Saturday, September 5, 2009

Being Occupied With God

"Praise the LORD! Praise, O servants of the LORD, praise the name of the LORD! Blessed be the name of the LORD from this time forth and forevermore! From the rising of the sun to its setting, the name of the LORD is to be praised!" (Psalm 113:1-3 ESV)

In other words, every place on this mortal soil, is a proper place to worship and offer praise! Note, I didn't say the only place.

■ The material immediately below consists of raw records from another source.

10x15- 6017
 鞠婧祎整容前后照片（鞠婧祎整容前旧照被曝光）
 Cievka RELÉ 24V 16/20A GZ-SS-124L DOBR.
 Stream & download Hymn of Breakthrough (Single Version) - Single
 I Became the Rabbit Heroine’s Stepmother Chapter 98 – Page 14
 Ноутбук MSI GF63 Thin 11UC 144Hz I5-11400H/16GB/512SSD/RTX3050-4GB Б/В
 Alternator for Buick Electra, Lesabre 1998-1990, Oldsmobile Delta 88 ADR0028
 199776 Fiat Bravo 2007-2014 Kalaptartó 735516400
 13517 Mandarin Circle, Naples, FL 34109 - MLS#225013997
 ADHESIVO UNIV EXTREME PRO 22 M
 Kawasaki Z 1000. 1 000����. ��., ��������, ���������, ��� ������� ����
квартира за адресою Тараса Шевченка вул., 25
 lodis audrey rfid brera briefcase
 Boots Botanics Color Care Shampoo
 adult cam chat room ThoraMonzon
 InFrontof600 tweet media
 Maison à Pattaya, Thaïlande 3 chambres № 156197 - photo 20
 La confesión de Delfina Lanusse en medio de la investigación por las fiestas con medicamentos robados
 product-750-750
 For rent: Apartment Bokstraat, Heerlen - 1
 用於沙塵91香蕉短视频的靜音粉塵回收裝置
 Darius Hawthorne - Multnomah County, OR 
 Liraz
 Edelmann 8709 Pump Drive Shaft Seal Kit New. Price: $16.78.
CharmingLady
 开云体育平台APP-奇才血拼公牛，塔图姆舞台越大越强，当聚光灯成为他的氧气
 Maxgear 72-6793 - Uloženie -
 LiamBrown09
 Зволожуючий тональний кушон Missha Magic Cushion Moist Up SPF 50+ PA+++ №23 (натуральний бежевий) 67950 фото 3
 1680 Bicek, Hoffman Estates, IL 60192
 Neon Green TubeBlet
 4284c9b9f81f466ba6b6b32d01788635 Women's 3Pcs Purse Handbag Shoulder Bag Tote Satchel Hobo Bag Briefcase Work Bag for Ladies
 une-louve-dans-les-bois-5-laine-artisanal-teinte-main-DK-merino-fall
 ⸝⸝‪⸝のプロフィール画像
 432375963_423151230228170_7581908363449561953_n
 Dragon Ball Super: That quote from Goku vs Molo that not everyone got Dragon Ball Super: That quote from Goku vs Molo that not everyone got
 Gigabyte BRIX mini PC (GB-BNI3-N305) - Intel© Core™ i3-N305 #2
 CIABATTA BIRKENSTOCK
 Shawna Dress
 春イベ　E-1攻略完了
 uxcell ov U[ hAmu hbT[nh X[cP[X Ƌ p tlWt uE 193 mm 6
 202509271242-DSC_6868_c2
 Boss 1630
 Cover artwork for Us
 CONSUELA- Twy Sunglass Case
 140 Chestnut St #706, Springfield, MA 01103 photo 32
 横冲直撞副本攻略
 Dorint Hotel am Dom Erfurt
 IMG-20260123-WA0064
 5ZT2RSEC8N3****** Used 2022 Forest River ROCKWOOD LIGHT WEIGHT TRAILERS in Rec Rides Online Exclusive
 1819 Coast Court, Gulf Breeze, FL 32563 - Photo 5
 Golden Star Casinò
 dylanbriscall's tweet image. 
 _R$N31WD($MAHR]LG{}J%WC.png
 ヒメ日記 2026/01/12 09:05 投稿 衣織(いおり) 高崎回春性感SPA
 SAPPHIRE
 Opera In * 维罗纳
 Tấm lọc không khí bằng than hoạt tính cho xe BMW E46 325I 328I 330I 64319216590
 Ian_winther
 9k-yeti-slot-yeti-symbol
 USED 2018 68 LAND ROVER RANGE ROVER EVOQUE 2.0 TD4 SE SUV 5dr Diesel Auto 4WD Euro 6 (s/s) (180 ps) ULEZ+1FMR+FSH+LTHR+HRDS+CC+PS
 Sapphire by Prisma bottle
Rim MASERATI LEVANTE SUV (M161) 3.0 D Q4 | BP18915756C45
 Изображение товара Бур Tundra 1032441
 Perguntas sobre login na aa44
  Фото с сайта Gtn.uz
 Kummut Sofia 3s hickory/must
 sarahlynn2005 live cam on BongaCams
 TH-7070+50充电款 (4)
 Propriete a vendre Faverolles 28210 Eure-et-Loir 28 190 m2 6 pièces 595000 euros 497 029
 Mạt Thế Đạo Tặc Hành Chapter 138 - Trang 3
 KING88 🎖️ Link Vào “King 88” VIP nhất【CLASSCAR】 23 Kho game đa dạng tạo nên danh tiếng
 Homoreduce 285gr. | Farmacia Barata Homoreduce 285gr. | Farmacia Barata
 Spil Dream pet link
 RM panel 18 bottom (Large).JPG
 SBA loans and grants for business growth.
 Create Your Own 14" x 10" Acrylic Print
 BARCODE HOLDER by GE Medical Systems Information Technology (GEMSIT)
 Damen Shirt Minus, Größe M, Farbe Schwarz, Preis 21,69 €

In the early '60's, when JFK was our president, his brother served as Attorney General. While on tour of Brazil, Robert Kennedy was introduced to a farmer from the interior of Brazil. He decided to ask this simple farmer a deep philosophical question. "What did the farmer esteem as his highest calling throughout the day in his existence in the interior of Brazil?" Without a moment's hesitation, the farmer replied, through his interpreter, "Being occupied with God."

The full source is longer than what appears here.